You may have seen in the news this week an article about fish oils and concerns regarding quality.  We received the following from one of our suppliers (FxMed) …. Our clinic supplies quality, usually practitioner only, supplements.  The following may help bring a more balanced view of  issues surrounding fish oils.  Rancidity is an issue we are always concerned about and we would encourage you to purchase your fish oils from us or another reputable practitioner.

“FxMed is concerned for patients and practitioners with respect to the results from research conducted by the University of Auckland’s Liggins Institute evaluating the quality and content of fish oils sold in New Zealand.

The study looked specifically at the amount of omega-3 EPA and DHA contained in various products, measuring the oxidation (rancidity) of the oil by measuring Peroxide, Anisidine and Totox Values. The conclusion was that there is a high number of fish oils sold in NZ that do not meet label claims with regards to omega-3 content (specifically EPA and DHA) probably due to the high rancidity or oxidation levels causing degradation of the EPA and DHA molecules.

Similar international research has generally shown that most fish oils meet their active ingredient list, so further investigation is needed in relation to the research. It does seem unlikely that such a high percentage of products would fall so far under their label claim. No information has been released on which products or brands were included in the study.

GOED (Global Organisation for EPA and DHA Omega-3’s) consulted with fatty acid experts about this study and some of their concerns follow:  

  • Only three of the 32 oils tested contained a quantity of EPA + DHA that was equal to or higher than that claimed by the label, with more than two-thirds of supplements containing less than 67%. Because of the consistency of the results, it seems likely that the authors were using a method that yields incomplete results. The authors did disclose their method and did not follow the accepted AOCS, European Pharmacopeia, or GOED Voluntary Monograph methods, although it is unclear whether the authors’ method was validated.
  • The authors’ statement that “oxidation may at least in part account for the low n-3 PUFA levels” suggests a lack of general knowledge of lipid analysis. The amount of n-3 PUFA lost to the oxidation implied by high pAV (Anisidine Value) and PV (Peroxide Value) is too low to be picked up by FAME analysis.
  • If flavoured oils were analyzed, this would have been problematic because many flavors contain aldehydes that interfere with pAV testing.
  • According to the authors, “A 12ml sample of oil was produced by combining the contents of 8–24 capsules (depending on capsule size). From this pooled oil sample, PV, AV, Totox, and fatty acid concentration were measured in triplicate.” It’s important to know that the analyses must be done immediately before the oils oxidize. The data reported in Table 1 in the study appears to have been generated by someone with limited experience handling n-3 PUFA oils. Typically, you see much higher AVs than PVs, but in the case of the oils reported in line 15 (Canada), 25 (Australia) and 32 (New Zealand), this is reversed, which suggests poor handling of the oil. Generally, high PVs suggest the oils were oxidized upon opening the capsule.

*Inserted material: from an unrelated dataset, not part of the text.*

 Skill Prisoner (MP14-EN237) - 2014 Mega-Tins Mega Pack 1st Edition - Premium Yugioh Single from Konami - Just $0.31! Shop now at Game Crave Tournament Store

Due to the suspicious nature of the results, GOED has decided that its next round of randomized testing of currently marketed products will be selected exclusively from the New Zealand market. Once GOED has the results, it intends to share them with the Therapeutic Goods Administration (TGA) in Australia and Medsafe in New Zealand. In addition, The Omega-3 Centre in Australia has been leading a media outreach effort to ensure that some balance is included in the reporting on the issue”.